# Material for this exercise:

---*---

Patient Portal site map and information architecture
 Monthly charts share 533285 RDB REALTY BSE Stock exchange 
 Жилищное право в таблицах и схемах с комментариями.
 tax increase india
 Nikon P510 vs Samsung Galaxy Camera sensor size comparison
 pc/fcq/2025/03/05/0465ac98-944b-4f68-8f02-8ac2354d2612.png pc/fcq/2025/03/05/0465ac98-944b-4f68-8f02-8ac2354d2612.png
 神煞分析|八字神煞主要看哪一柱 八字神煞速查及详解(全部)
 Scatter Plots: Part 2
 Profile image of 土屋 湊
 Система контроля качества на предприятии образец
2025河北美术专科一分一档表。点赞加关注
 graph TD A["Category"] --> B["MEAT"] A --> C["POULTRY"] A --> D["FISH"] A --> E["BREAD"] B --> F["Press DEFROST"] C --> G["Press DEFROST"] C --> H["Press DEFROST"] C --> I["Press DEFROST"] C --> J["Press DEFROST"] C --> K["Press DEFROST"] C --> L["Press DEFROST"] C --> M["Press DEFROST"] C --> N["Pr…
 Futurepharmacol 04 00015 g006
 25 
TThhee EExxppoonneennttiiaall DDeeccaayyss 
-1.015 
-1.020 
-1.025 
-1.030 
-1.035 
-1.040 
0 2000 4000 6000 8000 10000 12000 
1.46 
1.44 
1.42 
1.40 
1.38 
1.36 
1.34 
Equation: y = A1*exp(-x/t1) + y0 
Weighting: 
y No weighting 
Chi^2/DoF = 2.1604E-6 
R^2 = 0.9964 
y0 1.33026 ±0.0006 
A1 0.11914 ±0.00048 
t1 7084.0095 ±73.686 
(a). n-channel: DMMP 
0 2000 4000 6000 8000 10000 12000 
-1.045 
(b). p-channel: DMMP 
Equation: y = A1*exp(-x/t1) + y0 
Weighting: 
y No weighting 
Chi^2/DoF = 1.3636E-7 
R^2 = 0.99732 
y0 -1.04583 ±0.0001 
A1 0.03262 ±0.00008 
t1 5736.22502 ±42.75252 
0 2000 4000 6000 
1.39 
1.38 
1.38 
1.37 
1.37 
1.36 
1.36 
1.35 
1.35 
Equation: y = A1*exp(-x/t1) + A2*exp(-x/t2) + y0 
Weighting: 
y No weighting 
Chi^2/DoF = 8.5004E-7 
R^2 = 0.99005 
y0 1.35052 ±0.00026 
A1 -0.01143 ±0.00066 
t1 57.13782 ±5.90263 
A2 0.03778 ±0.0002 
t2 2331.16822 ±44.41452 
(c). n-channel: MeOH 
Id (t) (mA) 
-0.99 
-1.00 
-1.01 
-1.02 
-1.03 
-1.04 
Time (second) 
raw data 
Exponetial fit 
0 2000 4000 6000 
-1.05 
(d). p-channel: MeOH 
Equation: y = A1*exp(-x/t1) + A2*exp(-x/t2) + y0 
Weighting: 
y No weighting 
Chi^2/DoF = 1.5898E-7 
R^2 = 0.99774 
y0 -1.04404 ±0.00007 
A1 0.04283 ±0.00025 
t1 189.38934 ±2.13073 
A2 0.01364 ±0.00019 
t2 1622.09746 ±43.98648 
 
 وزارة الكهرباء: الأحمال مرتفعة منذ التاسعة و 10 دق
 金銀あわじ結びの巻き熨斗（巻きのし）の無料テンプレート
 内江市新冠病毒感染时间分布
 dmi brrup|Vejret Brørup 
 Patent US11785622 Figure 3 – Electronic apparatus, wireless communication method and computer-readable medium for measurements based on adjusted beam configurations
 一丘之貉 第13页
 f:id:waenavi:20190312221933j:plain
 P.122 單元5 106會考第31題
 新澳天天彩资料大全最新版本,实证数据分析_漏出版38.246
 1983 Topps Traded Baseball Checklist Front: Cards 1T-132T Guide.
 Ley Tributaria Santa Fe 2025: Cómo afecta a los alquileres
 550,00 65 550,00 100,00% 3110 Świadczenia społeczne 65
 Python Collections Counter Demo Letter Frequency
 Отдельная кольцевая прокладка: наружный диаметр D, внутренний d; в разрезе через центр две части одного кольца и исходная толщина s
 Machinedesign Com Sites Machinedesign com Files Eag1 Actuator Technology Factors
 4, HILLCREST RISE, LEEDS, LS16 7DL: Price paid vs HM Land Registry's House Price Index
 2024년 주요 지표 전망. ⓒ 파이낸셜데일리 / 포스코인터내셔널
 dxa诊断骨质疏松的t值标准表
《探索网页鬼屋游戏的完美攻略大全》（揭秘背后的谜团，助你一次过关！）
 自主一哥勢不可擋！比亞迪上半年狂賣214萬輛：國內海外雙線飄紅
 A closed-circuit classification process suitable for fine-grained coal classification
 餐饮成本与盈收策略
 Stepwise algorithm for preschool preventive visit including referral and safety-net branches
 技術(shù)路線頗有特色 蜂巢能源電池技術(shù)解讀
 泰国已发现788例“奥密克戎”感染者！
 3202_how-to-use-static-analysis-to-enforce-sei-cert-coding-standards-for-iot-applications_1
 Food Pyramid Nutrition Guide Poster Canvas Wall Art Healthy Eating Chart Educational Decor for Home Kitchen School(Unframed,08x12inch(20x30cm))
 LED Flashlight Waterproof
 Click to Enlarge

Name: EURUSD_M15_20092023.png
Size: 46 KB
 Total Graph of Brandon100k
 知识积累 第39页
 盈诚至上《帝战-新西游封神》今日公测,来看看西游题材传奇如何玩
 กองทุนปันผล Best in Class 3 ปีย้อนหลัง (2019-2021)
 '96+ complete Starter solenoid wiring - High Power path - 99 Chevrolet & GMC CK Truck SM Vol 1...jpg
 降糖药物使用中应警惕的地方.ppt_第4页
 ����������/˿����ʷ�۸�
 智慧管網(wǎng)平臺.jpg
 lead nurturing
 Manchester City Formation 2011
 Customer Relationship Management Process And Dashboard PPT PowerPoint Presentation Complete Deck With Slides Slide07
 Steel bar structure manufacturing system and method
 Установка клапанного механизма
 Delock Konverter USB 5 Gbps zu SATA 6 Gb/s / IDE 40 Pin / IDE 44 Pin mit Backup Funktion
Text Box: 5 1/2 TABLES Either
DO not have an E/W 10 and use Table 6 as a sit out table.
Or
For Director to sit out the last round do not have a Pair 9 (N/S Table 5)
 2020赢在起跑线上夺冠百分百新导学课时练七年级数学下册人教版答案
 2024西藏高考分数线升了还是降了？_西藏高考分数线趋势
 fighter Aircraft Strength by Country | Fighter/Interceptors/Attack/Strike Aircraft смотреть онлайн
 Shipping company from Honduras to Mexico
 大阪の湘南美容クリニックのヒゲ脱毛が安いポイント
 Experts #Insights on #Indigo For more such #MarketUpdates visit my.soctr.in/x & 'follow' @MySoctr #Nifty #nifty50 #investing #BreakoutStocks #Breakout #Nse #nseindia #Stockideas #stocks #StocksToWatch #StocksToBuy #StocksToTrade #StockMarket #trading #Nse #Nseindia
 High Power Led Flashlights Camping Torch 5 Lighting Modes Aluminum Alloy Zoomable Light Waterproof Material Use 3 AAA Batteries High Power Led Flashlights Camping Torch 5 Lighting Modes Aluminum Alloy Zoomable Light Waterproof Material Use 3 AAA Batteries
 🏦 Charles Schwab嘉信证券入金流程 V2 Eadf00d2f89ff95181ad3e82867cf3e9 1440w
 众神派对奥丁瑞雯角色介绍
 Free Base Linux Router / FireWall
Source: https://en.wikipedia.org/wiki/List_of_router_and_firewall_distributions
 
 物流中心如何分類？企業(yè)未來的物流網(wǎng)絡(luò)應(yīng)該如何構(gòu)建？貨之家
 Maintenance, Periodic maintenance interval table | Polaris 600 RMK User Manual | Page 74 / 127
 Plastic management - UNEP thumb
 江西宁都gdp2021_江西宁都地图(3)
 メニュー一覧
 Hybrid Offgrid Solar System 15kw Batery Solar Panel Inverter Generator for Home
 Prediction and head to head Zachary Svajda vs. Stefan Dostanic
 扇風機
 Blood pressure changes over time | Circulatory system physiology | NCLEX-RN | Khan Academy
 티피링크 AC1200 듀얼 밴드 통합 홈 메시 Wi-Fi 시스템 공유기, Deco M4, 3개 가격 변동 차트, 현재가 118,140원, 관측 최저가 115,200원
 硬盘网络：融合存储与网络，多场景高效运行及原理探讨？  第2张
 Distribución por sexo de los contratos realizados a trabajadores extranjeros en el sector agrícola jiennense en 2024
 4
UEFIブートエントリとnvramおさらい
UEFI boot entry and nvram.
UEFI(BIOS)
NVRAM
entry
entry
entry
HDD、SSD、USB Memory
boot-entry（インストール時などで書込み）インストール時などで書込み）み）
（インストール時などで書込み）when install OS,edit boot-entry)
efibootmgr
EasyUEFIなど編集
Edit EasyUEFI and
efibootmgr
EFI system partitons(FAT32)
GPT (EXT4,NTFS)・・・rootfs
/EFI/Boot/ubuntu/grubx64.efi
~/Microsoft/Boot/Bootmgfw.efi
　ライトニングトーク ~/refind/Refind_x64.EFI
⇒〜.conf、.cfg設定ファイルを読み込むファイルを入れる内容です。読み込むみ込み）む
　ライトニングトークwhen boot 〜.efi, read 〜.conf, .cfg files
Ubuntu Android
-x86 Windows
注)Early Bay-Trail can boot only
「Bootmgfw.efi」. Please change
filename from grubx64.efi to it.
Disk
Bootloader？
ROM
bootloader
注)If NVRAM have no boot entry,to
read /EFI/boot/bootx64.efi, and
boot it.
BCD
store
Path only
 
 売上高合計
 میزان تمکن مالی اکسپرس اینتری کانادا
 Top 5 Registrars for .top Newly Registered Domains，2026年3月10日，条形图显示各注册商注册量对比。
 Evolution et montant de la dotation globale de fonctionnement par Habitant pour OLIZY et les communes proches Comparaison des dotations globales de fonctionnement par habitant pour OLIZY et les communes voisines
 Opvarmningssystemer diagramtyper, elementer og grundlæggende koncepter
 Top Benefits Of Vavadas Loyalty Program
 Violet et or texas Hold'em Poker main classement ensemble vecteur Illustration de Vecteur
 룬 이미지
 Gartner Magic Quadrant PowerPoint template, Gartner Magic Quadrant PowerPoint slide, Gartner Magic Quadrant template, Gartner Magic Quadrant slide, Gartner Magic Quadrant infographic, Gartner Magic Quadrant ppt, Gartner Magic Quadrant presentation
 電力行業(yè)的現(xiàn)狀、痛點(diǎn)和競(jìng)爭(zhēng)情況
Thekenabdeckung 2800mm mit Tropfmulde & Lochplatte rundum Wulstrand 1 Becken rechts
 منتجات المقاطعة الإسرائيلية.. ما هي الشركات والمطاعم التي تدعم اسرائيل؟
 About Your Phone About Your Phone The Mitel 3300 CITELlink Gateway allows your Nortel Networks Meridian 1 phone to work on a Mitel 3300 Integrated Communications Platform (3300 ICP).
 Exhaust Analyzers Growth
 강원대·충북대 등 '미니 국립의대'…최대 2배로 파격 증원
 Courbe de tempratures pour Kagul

---*---

# Problem to solve:
Taking the entries above, print exactly the lines starting at the line with "(d). p-channel: MeOH" and ending at the line with "内江市新冠病毒感染时间分布", both included.

# Solved problem:
(d). p-channel: MeOH 
Equation: y = A1*exp(-x/t1) + A2*exp(-x/t2) + y0 
Weighting: 
y No weighting 
Chi^2/DoF = 1.5898E-7 
R^2 = 0.99774 
y0 -1.04404 ±0.00007 
A1 0.04283 ±0.00025 
t1 189.38934 ±2.13073 
A2 0.01364 ±0.00019 
t2 1622.09746 ±43.98648 
 
 وزارة الكهرباء: الأحمال مرتفعة منذ التاسعة و 10 دق
 金銀あわじ結びの巻き熨斗（巻きのし）の無料テンプレート
 内江市新冠病毒感染时间分布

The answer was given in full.